→ WHAT YOU HAVE TO DO
Output only the span of lines that begins at the line containing "this 320×320 image." and ends at the last line of the data, both included, exactly as they appear.
*** Begin section ***
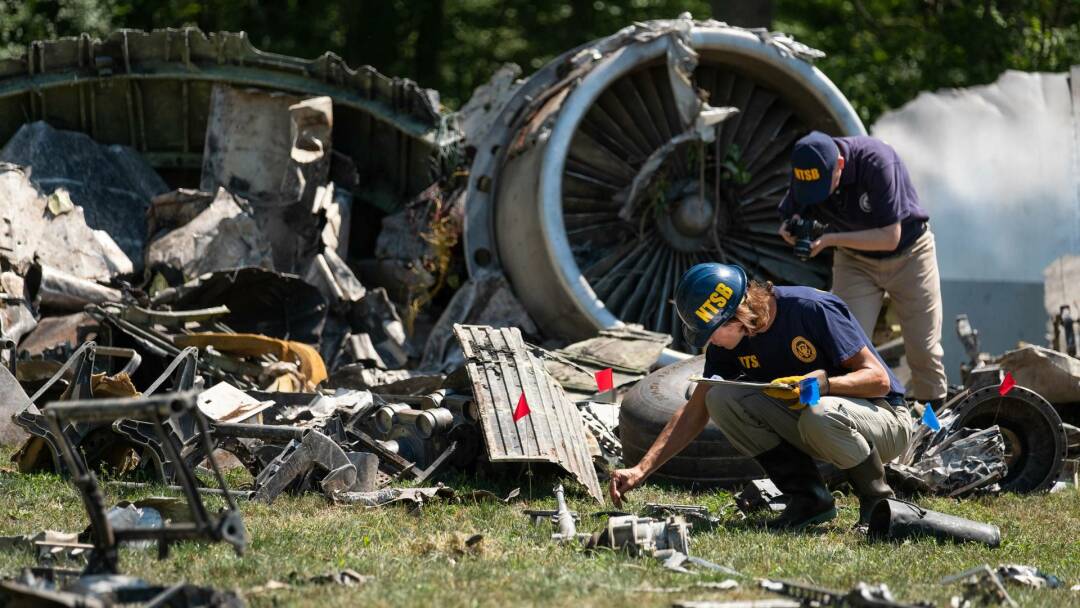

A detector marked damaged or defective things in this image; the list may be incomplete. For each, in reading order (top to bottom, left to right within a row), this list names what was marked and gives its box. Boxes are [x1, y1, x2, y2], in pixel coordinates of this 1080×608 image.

torn metal panel [0, 165, 131, 282]
torn metal panel [0, 121, 167, 264]
torn metal panel [144, 186, 274, 278]
torn metal panel [421, 276, 540, 373]
torn metal panel [447, 326, 600, 501]
rusted metal fragment [447, 326, 600, 501]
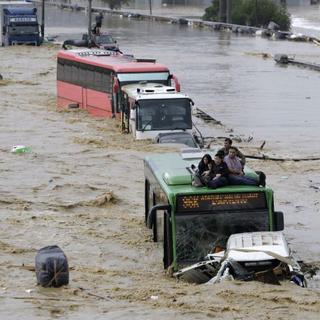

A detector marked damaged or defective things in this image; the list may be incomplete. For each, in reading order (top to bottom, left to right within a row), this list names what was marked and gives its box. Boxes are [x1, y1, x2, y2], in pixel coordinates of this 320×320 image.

damaged vehicle [144, 151, 306, 288]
*** End section ***
→ REPLY TO THE EXERCISE
A detector marked damaged or defective things in this image; the list may be incomplete. For each, in reading order (top to bottom, left to right within a row), this list names what was marked and gives its box. Boxes are [x1, y1, x2, y2], in pixel coordinates of this 320×320 image.

damaged vehicle [144, 151, 306, 288]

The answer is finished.